Clark is acclaimed for using everyday fiber materials, such as hair, flags and found fabric, and a range of textile techniques including weaving, braiding, quilting and beading, to examine issues of history, racial injustice, cultural legacies and reconciliation. “We Are Each Other” shows how her community-centered projects facilitate new collective encounters across racial, gender and socioeconomic divisions. In addition to her large-scale installations, the exhibition will feature a range of her photographs, prints and sculpture.
The ethos of Clark’s participatory works is embedded in the exhibition title, which is inspired by the Gwendolyn Brooks poem “Paul Robeson” (1970), about the civil rights activist, which closes with, “we are each other’s harvest/we are each other’s business/we are each other’s magnitude and bond.”
Clark said of the exhibition, “I am a collaboration, as is each artwork. A collaboration, a generational connection, a tie between us. From the ancestral substance that makes up my bones and blood to the engagement with community, all of it functions as a means to do the necessary work.”
Monica Obniski, the High’s curator of decorative arts and design, added, “Sonya Clark’s highly metaphorical work invites us to think in profound and new ways about our shared history, as she allows for additional voices to create new cultural narratives. I’m excited for Atlanta audiences to encounter her projects and to accept the artist’s invitation to participate in the broader work of making society better.”
The exhibition will feature six of Clark’s projects created through mass participation:
“The Beaded Prayers Project” (1998-present)
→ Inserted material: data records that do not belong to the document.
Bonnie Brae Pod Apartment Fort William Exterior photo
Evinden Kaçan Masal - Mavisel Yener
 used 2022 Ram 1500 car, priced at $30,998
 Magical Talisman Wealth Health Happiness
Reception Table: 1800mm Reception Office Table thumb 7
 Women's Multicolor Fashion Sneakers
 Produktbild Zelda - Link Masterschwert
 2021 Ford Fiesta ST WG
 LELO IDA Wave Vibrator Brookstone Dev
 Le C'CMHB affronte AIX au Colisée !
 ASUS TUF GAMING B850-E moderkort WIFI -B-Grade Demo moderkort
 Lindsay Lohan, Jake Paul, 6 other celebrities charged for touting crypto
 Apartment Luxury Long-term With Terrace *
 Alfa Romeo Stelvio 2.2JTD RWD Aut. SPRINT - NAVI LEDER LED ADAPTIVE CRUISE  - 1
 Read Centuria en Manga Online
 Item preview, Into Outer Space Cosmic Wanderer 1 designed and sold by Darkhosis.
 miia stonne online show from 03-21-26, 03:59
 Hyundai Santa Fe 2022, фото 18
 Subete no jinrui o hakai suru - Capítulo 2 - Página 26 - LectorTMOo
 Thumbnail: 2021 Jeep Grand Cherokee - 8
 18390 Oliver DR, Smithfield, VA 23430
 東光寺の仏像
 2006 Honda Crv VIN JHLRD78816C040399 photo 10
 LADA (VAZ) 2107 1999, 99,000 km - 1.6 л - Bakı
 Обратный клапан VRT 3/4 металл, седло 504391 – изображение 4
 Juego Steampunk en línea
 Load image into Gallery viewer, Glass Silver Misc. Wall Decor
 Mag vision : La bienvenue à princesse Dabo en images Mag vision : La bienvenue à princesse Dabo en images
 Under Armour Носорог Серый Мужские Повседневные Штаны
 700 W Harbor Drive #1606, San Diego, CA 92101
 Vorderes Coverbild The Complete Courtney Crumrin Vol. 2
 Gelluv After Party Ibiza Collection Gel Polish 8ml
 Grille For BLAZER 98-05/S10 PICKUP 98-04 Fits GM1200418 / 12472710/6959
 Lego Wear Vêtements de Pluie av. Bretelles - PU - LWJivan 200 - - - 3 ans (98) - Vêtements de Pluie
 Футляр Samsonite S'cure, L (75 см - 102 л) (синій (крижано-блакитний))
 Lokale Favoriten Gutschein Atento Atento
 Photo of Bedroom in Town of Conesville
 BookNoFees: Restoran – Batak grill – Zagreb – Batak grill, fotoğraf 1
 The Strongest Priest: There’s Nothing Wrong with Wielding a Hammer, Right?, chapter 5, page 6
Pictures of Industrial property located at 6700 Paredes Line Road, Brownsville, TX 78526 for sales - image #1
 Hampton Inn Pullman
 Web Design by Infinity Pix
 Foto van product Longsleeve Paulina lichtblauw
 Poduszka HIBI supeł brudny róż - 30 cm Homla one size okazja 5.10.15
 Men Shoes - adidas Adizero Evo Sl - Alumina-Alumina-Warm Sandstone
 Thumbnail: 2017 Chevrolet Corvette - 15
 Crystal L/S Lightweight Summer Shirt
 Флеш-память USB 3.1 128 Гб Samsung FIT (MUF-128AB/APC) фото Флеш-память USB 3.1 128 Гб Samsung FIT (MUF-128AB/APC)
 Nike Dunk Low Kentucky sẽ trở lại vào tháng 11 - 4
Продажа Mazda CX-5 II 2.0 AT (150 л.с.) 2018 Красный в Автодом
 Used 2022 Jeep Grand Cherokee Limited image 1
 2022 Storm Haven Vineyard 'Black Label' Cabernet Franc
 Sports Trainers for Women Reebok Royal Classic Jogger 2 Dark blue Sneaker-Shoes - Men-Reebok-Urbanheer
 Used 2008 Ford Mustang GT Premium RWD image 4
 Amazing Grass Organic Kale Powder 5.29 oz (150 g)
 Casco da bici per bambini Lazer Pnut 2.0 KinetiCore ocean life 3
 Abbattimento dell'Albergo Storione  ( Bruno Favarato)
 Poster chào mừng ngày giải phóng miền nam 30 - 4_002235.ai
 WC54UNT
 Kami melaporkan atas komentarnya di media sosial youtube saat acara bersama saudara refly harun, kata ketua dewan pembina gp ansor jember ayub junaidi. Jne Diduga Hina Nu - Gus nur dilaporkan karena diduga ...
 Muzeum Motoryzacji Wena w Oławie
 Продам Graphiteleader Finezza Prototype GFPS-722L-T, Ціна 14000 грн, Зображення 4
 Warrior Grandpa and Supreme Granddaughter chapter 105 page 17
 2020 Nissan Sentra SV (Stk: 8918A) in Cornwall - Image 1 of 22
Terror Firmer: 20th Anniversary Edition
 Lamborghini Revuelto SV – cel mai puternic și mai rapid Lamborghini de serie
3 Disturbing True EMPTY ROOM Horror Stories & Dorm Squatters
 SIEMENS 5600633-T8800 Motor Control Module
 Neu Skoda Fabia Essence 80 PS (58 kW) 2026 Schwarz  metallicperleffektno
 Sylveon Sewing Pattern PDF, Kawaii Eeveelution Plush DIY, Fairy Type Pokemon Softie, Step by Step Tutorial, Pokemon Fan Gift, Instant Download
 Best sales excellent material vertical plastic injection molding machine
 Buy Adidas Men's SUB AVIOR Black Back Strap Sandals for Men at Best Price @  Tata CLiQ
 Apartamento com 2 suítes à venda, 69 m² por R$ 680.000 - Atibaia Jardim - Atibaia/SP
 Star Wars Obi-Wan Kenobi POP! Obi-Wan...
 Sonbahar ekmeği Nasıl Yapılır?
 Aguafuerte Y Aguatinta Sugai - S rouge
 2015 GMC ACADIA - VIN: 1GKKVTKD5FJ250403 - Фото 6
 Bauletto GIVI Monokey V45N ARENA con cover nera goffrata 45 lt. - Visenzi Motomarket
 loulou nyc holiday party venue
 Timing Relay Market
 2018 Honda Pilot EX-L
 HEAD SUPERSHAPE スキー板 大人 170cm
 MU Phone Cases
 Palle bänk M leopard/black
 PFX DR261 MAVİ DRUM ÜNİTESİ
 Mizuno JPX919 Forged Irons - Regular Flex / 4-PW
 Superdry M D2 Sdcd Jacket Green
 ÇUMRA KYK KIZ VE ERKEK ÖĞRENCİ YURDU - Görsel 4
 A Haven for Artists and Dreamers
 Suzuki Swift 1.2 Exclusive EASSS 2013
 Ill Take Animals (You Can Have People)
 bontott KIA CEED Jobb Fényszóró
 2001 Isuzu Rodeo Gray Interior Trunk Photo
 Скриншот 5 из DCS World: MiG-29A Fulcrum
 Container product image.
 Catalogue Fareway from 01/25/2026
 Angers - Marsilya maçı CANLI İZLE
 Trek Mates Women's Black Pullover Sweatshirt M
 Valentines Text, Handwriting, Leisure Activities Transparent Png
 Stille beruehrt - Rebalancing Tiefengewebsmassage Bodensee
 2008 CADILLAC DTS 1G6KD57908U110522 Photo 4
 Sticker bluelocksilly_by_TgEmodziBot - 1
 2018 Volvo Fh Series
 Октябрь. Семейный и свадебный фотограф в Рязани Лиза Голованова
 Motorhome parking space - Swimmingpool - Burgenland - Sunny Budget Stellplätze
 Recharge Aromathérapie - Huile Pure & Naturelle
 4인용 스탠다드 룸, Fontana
This installation comprises thousands of small memorial pouches, created by community members across the globe, that are made using fabric from loved ones or donated material and contain a written commemoration, intention, wish or prayer. Each pouch is sewn shut with decorative beads and hung on large panels.
“The Hair Craft Project” (2014)
Inspired in part by the Atlanta company Bronner Brothers’ International Beauty Show, Clark worked with Black hair stylists in Richmond, Virginia, to break down barriers between hair salons and galleries as sites of aesthetics, craft, skill, improvisation and commerce. In a series of photographs and braided hair designs, the project shows both the stylists’ ability to manipulate the hairs on Clark’s head and their undeniable textile artistry on canvases stitched with thread. Together, the works examine cultural narratives embedded within the everyday materials of cloth and hair.
In this ongoing performance, Clark works alongside individual gallery and museum visitors to unravel a Confederate battle flag thread by thread. The performance is slow and toilsome, meant to symbolize the collective work involved in the dismantling of the ideas of the Confederacy, White supremacy and racism in the United States.
“Monumental Cloth” Series (2019)
This series of artworks and activations is based on the historic repurposed dish towel that was used to signal a truce by Confederate forces at Appomattox in 1865. Visitors are invited to weave recreations of the flag on looms in the galleries and make tracings of the flag’s waffle-weave surface pattern to take home. In the related work “Many” (2019), Clark recreated 100 replicas of the little-known truce flag as a commentary on historical erasures and the enduring legacy of the Civil War. The project was created in collaboration with the Fabric Workshop and Museum in Philadelphia.
“Finding Freedom” (2019-2020)
In this installation, a large-scale canopy composed of squares of cyanotype reactive fabric provides the illusion of the night sky overhead. The celestial viewpoint embedded with several Big Dipper constellations allows the viewer to imagine the way starlight guided enslaved individuals along the Underground Railroad toward the multiple freedoms they had been denied. The work asks us to consider the multiple freedoms that continue to be stolen from individuals and marginalized groups today. Clark created the squares in collaboration with students, researchers, friends and a group of incarcerated men. The canopy hangs from the gallery ceiling, and visitors will be able to illuminate its designs with blacklight flashlights.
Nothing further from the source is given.